There are those addicts who won’t be satisfied until they bear down and squeeze every iota of content from the deepest recesses of their unconscious gray matter to the bright lights of their Twitter timelines. For the rest of us (ok, the rest of you), Twitter is most useful and entertaining when those tweeting are gathered around a unified topic.

Think about it. Twitter is at its best during presidential debates, the Academy Awards, the World Cup, Apple keynotes, and the Super Bowl; those moments when we’re all talking about the same thing at the same time.

Television has been the primary screen around which we have gathered on our virtual coaches to make points, crack jokes, and transform our personal jealousies of celebrities and famous athletes into retweetable snark. (“Sure, that guy who just won an Oscar is going to spend the night having sex with three models on top of a pile of cash, but did you see how many retweets I got?”)

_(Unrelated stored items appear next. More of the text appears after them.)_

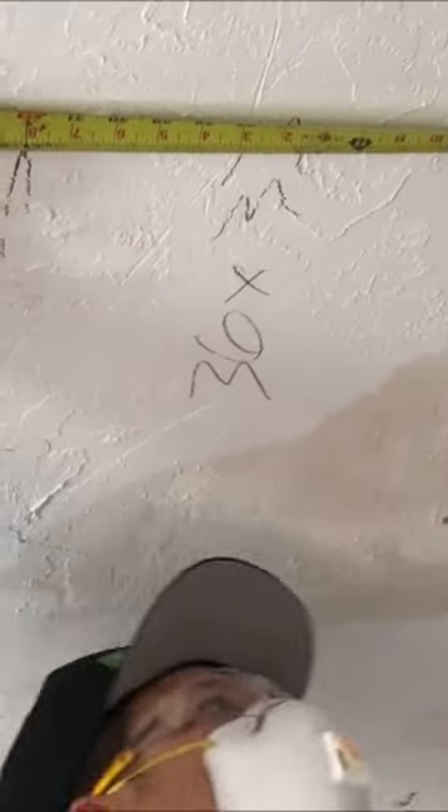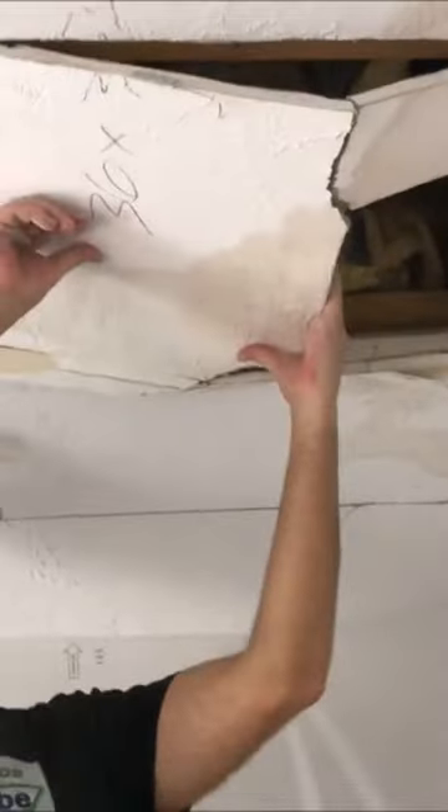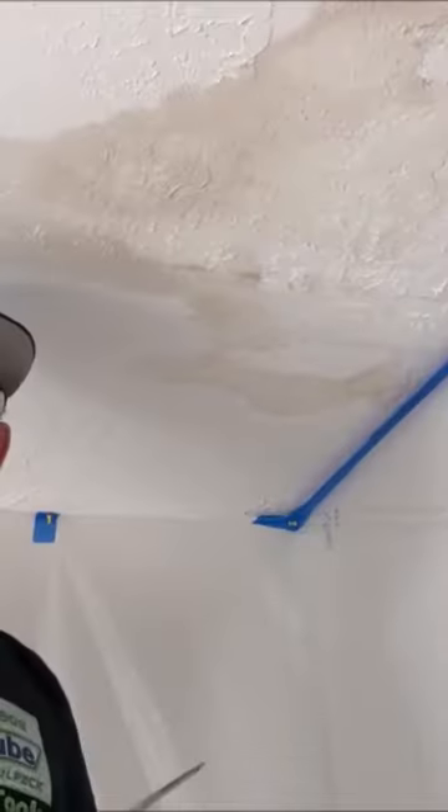In today's video, I'm going to show you how to measure, cut out, and get a water-damaged ceiling ready for a new piece of drywall. And if you stick around to the end of the video, I'm going to leave a direct link to my last video where I showed you how to build a DIY dust containment bubble to control all the dust from the repair.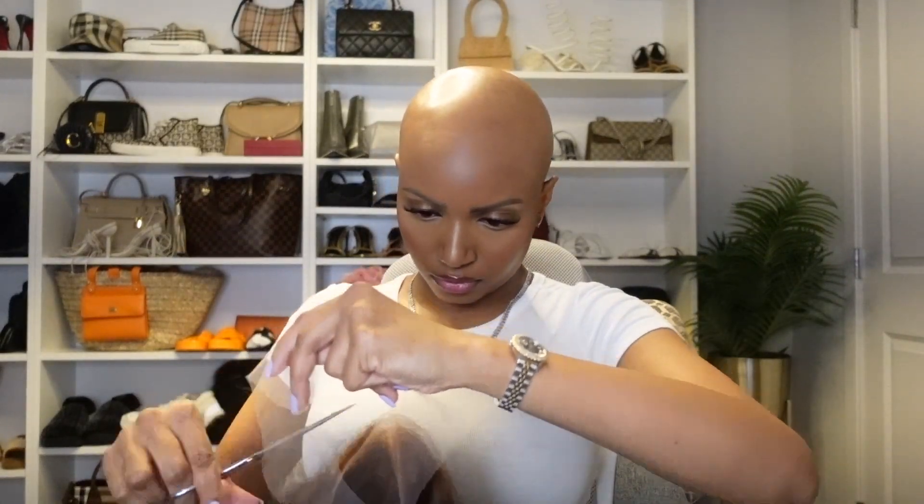So this is after I bleached the unit — bleached the knots — and we're just going in and cutting the lace. I like to cut my lace beforehand, it's just much easier. Remember to do a zigzag motion when cutting your lace.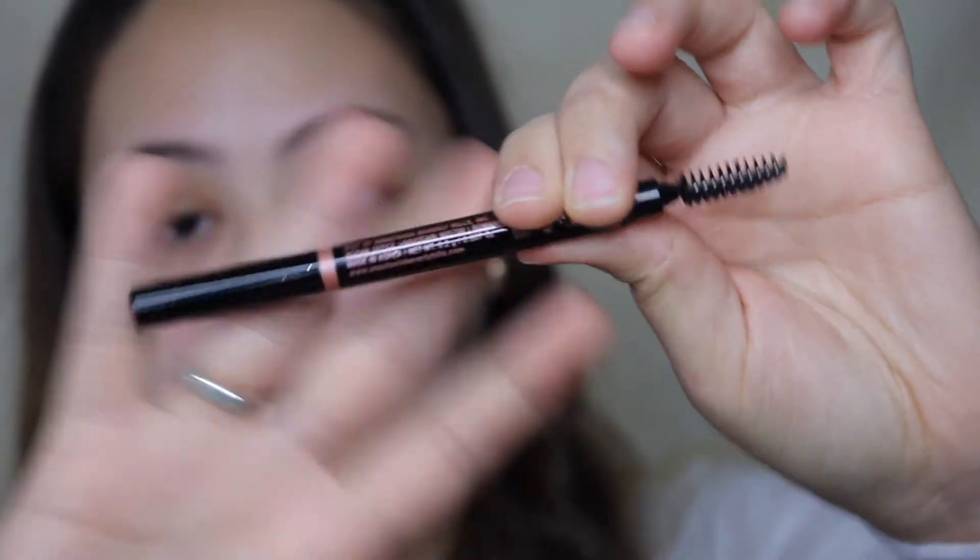I always use the Anastasia Beverly Hills Brow Definer — looks like this. It has one side for drawing and a spoolie on the other. What I like about this product is how precise it is.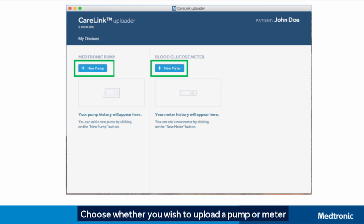Choose whether you wish to upload a pump or meter. In this example, to upload your pump, click Add New Pump.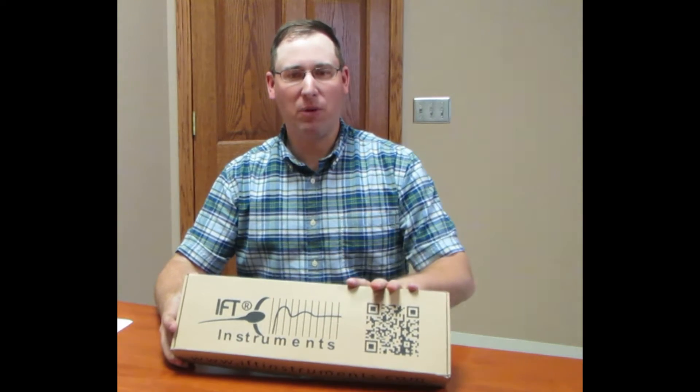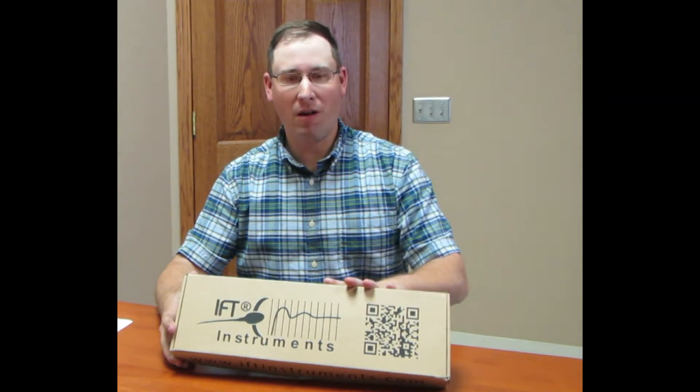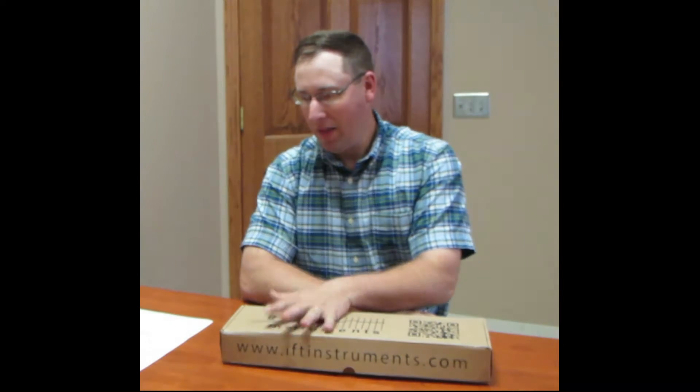Tom with AGTEC here. Today we're going to talk about our IFT adjustable temperature gun warmer that we're offering now. It's made by the same company, IFT Technologies, that also makes the adjustable temperature semen thaw. We started carrying this because we see a real need, especially in the IVF portion of the embryo industry, to have a gun warmer that complements the rest of the line of products that we carry.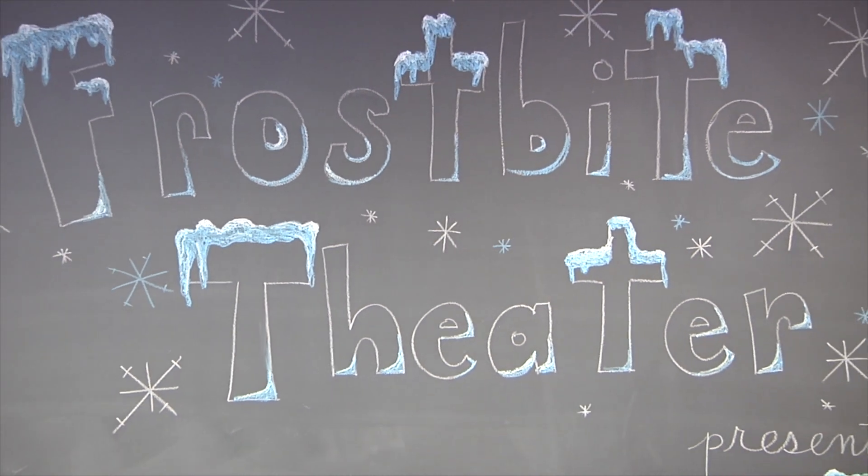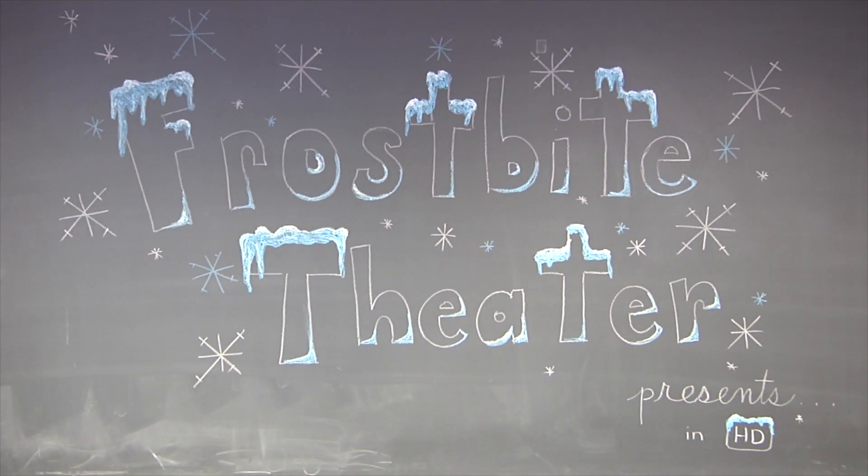Frostbite Theater presents Cold Cuts. No Baloney. Just Science!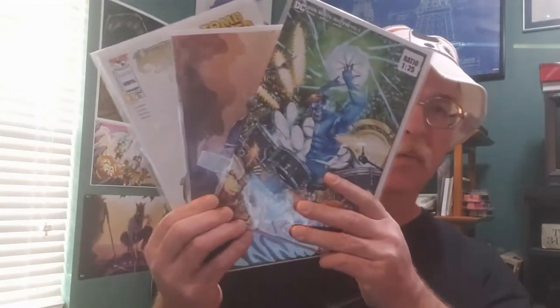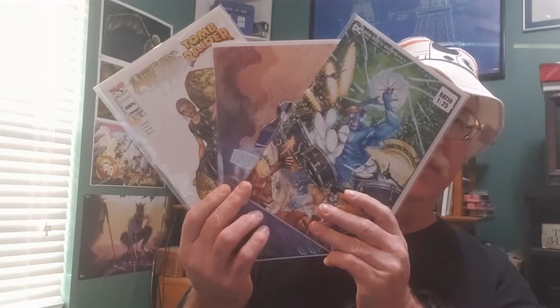So out of that, I'll probably end up keeping maybe three of the books. Which ones do I like in particular? The Michael Turner one, that one, and the 1-in-25. These are the three I'll probably keep. Let me know what you think of that Spider-Man booth - $250 V15 mystery box - in the comments below.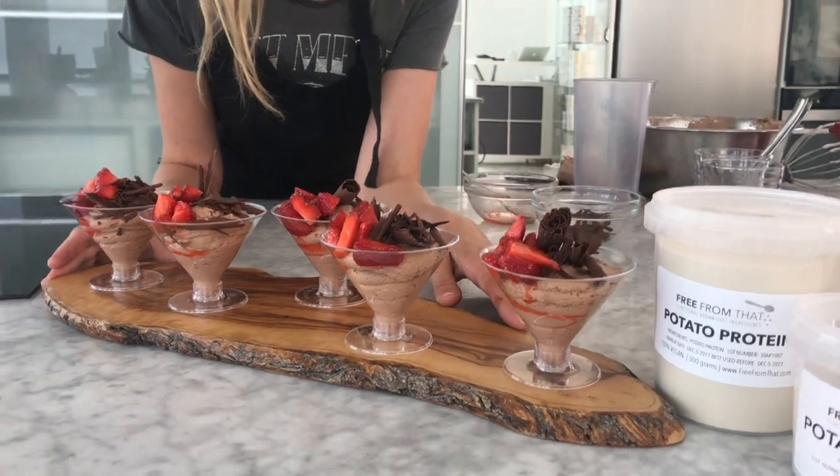So there you have it — my chocolate mousse, as I like to call it. But I'm going to keep this one for me. Bon appétit!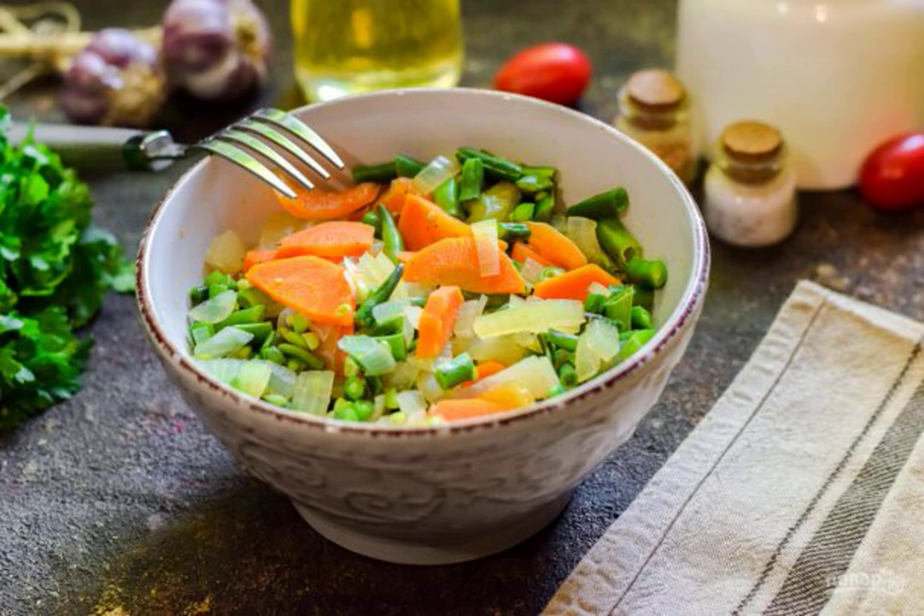Today we are preparing one of the variants of Georgian cuisine, but in a slightly different form — green lobio. The classic of this dish uses red or white beans, but young green beans also give a delicious result.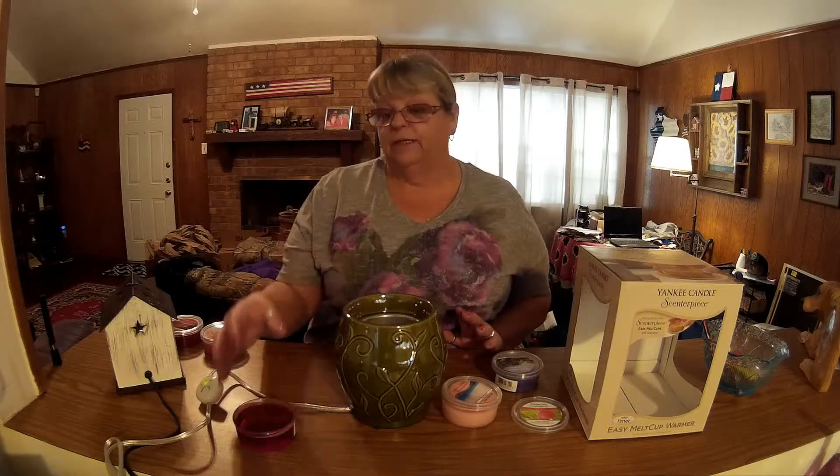The ease of changing fragrances is absolutely phenomenal — I am so excited. If you start something and you're either allergic to it, it doesn't smell right, or it's just overpowering, you simply pick the cup up, take it out, set it on the side, open another one, and you're on your way.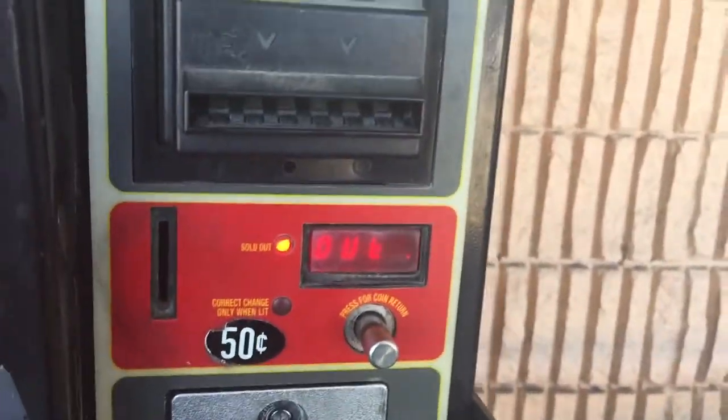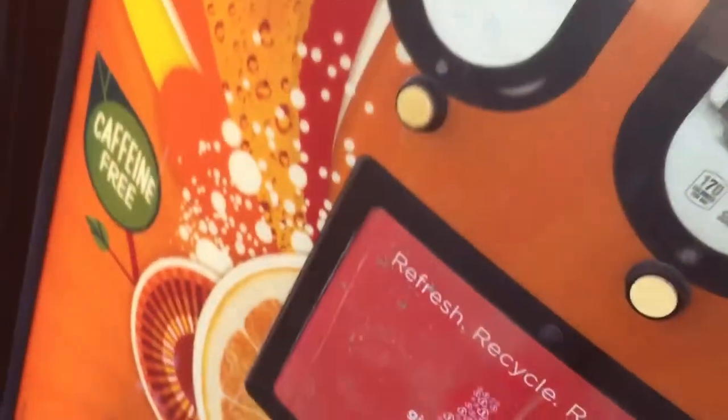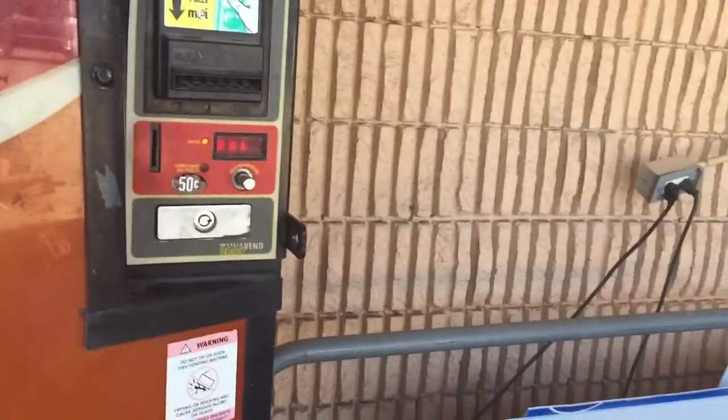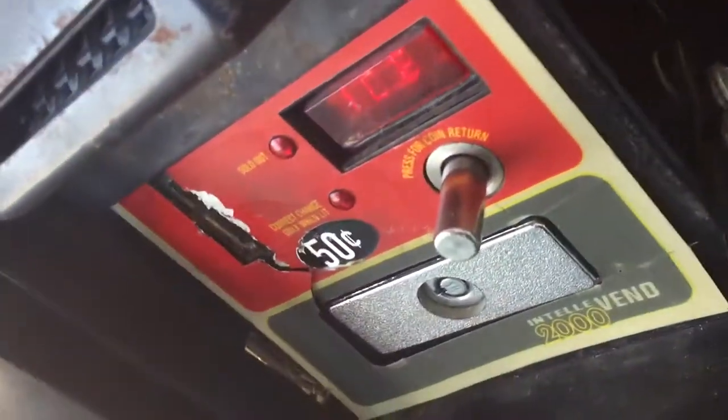Alright guys, here's a compressor from the soda machine. Of course this one said sold out. See, sold out. I think this one is where you can do maintenance work on them too, on that one. Sold out. Need to fix that one too, that's why it's sold out.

The DVR and subsequent modes of watching video have conspired to make these universal moments all too rare. Everything is time-shifted or binge-watched according to our own individual schedules and our willingness to suffer the risk of show spoilers (sidenote: Please don’t tell me who shot J.R.).

Aside from sports, major awards shows, breaking news events, and the occasional reality show finale, live television is dead. That’s bad news for Twitter. That’s bad news for the advertisers whose commercials you’re fast-forwarding over. And that’s bad news for those of us looking for some conversation, who more often than not, find that we’re left to mumble to ourselves on our own virtually deserted front stoops.

Twitter doesn’t work if we’re all talking past each other about entirely different topics; lost in the egocentric, pathetic, little fake worlds of our own making. That’s what Facebook is for.

So what do you do if your product is at its best during live, shared events, but there are almost no live events left to share?

You make the live events yourself.

Or better yet, you get us to do it.

That’s where Periscope comes in. Except in rare cases, these streamed events will not be global or even national in nature. But they will be live, we’ll know exactly who’s watching with us, and the content will be pushed through the same pipes that support our conversations around it. Live fodder for discussion and the discussion itself all on the same social network.

To paraphrase the great Bonnie Raitt, Twitter had to give us something to Tweet about.

Your live cat video will be the start. But advertisers and content creators won’t be far behind. For years, Television networks and Twitter have been trying to figure out the best way to build buzz and share data. The true promise of that goal could be reached when both are being shared on the same platform. TV would never be able to figure out social. So Twitter has to figure out video.

Sure, there’s something a bit depressing about a future that requires us to be sharing the same live video in order to actually get a conversation going. But it sure beats just looking at our own screens all alone.

So take your places everyone. Because we’re live.